Strange to see the 5 Series (F10) lagging far behind. Maybe the weight gain is to blame.


----------



## dms540i (Mar 27, 2010)

So I guess all we want is the 3. Why bother with anything else?

PS: What about the rest of BMW? How did they do?


----------



## Lazy Bear (Feb 1, 2010)

Hm they sell as many Z4 as they used to sell 5 series wagons. Does it mean they gonna pull the plug on Z4 too? ;-)

Strange, Z4 is new model. Looks like it is perhaps got too expensive for what it offers... Starting at 49K for 4 cyl? Cayman is only 2k more.

Previous gen Z4 used to be quite common sight.


----------



## jatbeni (May 28, 2010)

The BMW brand itself (i.e. Mini excluded) has added approximately 4,800 units in sales. 3,200 of those have come from the completely new 3 series - which could include a few people who were holding back on the 3 series purchase for some months. The new X3 also seems to be doing well.

What is disappointing is that the 5 series has fallen behind, and it is relatively early in the model cycle.

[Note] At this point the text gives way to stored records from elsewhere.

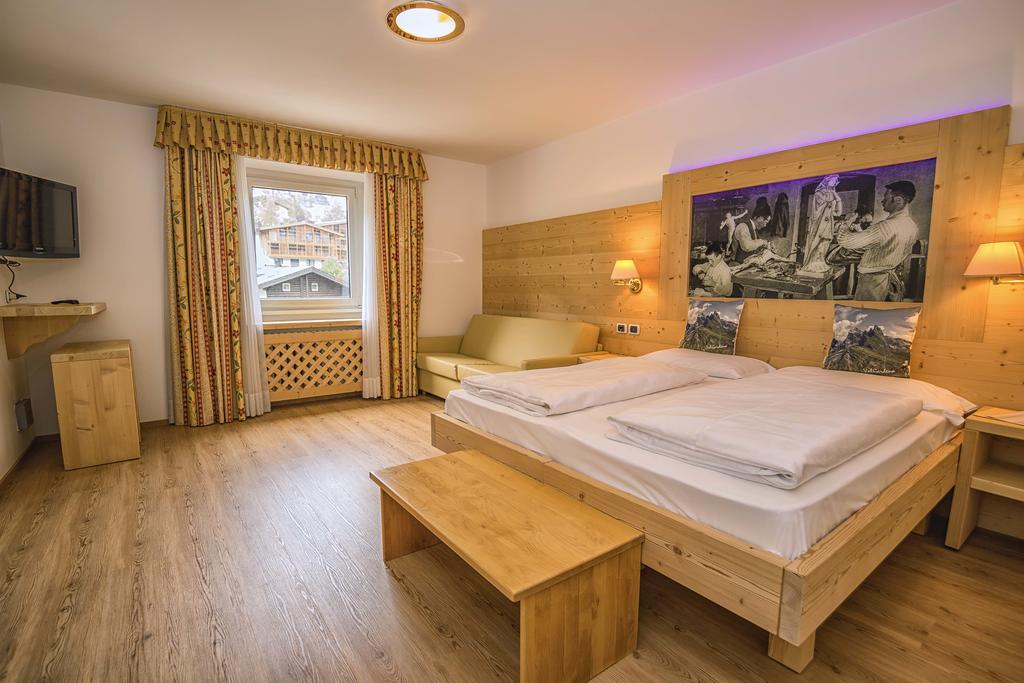Hotel Garni Snaltnerhof Ortisei Kültér fotó
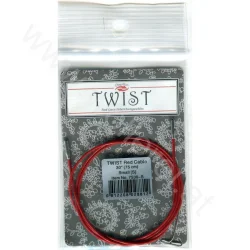 (Bild für) ChiaoGoo TWIST RED Seil - SMALL - 75 cm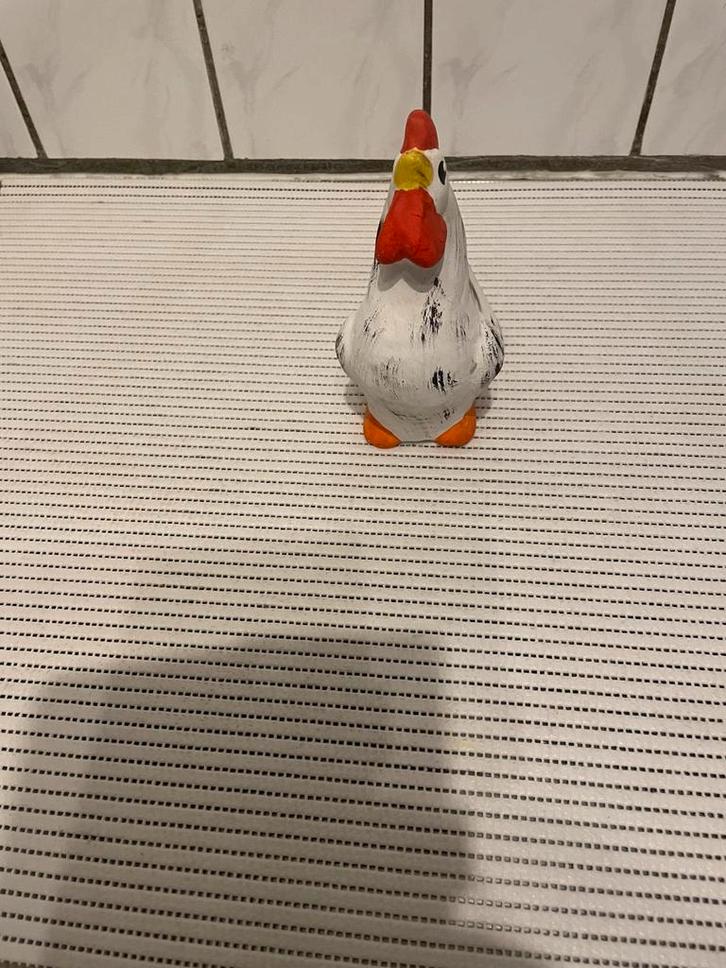 Coq décoration pour collectionneurs, Collections, Statues & Figurines, Comme neuf, Enlèvement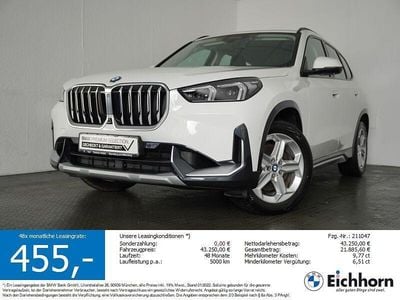 Usata BMW X1 xLine 204 CV (150 kW) 2025 Bianco SUV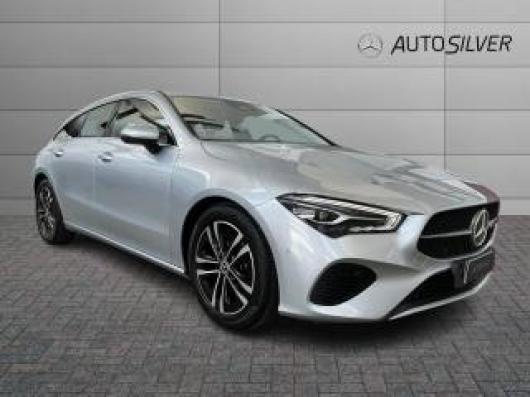 usato MERCEDES CLA 180
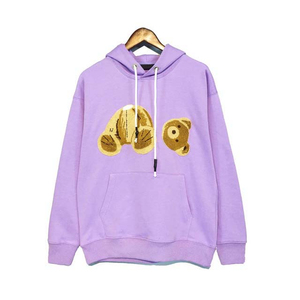 Diseño OEM 2025, venta al por mayor, sudaderas informales personalizadas para mujer, pulóver, ropa lisa de cuello redondo para mujer, sudaderas transpirables - Product Image 6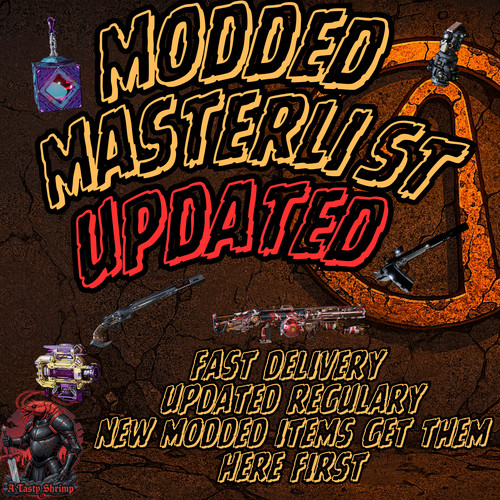 Borderlands lista maestro di - maestro,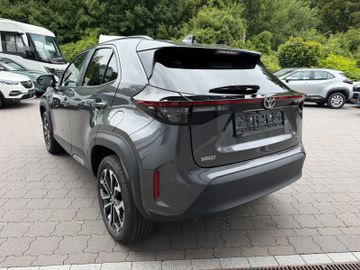 Toyota Yaris Cross - 5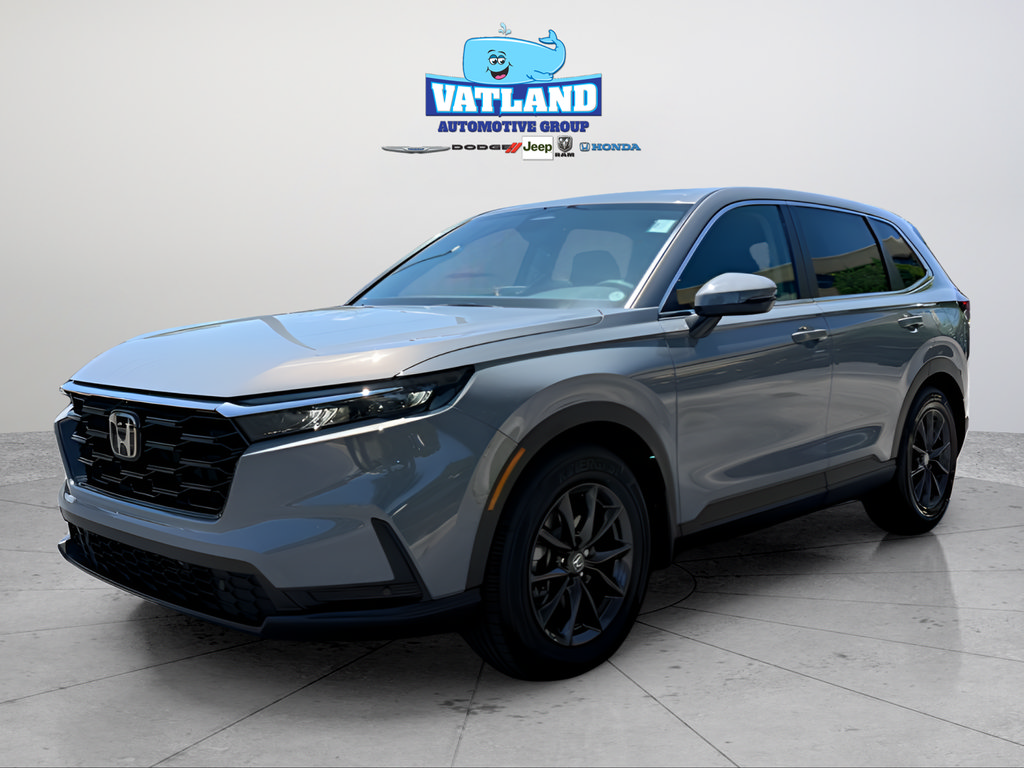 New 2026 Honda CR-V EX-L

Have to wait for the full year numbers, but the grown up 3 should do well, is my guess.


----------



## Lazy Bear (Feb 1, 2010)

Actually I am not that surprised about new 5er. As an owner of previous gen 5 I can say I wouldn't buy new 5. Too large, feels more like 7. I'd probably buy 3 today. So I guess new 3 cannibalizes some of the potential 5 sales and 5 probably attracts some of 7 buyers these days.


----------